**Data in this exercise:**
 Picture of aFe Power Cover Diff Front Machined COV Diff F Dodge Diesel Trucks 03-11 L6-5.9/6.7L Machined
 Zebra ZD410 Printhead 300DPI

==

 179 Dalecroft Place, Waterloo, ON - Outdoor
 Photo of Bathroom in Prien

**About this exercise:** Of the entries listed above, reproduce only the lines starting at the line containing "179 Dalecroft Place, Waterloo, ON - Outdoor" and ending at the line containing "Photo of Bathroom in Prien". Include both, exactly as they stand.

**Written response:**
 179 Dalecroft Place, Waterloo, ON - Outdoor
 Photo of Bathroom in Prien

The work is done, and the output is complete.